• **DIRECTIONS**
Word for word, retype the tail of the data below, starting with the line that has "Thai forensic collect" and including the last line.

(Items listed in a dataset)
------------------------------------

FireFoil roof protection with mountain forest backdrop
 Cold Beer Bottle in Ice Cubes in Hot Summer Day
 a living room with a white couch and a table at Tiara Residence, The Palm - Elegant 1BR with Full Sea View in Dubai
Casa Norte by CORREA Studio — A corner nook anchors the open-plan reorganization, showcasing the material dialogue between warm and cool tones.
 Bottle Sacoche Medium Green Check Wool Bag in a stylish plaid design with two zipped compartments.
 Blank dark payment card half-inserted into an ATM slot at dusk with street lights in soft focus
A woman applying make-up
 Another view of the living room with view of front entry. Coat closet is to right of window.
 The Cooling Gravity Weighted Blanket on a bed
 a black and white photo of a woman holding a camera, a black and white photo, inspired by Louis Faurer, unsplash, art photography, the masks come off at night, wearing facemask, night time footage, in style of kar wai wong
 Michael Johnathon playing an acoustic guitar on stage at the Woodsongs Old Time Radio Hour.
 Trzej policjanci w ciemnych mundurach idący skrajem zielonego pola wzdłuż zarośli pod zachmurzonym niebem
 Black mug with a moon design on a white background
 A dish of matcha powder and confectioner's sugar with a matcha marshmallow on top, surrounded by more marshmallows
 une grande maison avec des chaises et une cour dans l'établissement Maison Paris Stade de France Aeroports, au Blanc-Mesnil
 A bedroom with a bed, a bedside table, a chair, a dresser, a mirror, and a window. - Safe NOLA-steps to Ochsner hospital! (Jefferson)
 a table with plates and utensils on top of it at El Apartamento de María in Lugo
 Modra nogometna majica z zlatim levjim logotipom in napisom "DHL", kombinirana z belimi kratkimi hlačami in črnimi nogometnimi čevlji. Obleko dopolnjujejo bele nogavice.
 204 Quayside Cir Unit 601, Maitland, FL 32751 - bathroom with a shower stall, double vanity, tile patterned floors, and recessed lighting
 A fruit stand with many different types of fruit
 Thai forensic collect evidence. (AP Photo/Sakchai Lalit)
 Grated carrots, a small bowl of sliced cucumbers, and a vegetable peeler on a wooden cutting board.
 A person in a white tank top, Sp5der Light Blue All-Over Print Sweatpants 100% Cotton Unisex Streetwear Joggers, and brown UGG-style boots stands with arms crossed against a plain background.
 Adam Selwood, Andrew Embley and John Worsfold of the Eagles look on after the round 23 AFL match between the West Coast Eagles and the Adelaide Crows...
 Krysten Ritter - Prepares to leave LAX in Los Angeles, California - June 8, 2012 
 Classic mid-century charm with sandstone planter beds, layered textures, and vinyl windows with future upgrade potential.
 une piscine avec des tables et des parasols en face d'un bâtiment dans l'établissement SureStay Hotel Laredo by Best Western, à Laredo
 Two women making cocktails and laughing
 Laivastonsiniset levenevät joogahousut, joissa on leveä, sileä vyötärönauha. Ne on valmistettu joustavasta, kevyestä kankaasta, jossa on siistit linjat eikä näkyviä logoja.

------------------------------------

• **ANSWER TO THIS EXERCISE**
 Thai forensic collect evidence. (AP Photo/Sakchai Lalit)
 Grated carrots, a small bowl of sliced cucumbers, and a vegetable peeler on a wooden cutting board.
 A person in a white tank top, Sp5der Light Blue All-Over Print Sweatpants 100% Cotton Unisex Streetwear Joggers, and brown UGG-style boots stands with arms crossed against a plain background.
 Adam Selwood, Andrew Embley and John Worsfold of the Eagles look on after the round 23 AFL match between the West Coast Eagles and the Adelaide Crows...
 Krysten Ritter - Prepares to leave LAX in Los Angeles, California - June 8, 2012 
 Classic mid-century charm with sandstone planter beds, layered textures, and vinyl windows with future upgrade potential.
 une piscine avec des tables et des parasols en face d'un bâtiment dans l'établissement SureStay Hotel Laredo by Best Western, à Laredo
 Two women making cocktails and laughing
 Laivastonsiniset levenevät joogahousut, joissa on leveä, sileä vyötärönauha. Ne on valmistettu joustavasta, kevyestä kankaasta, jossa on siistit linjat eikä näkyviä logoja.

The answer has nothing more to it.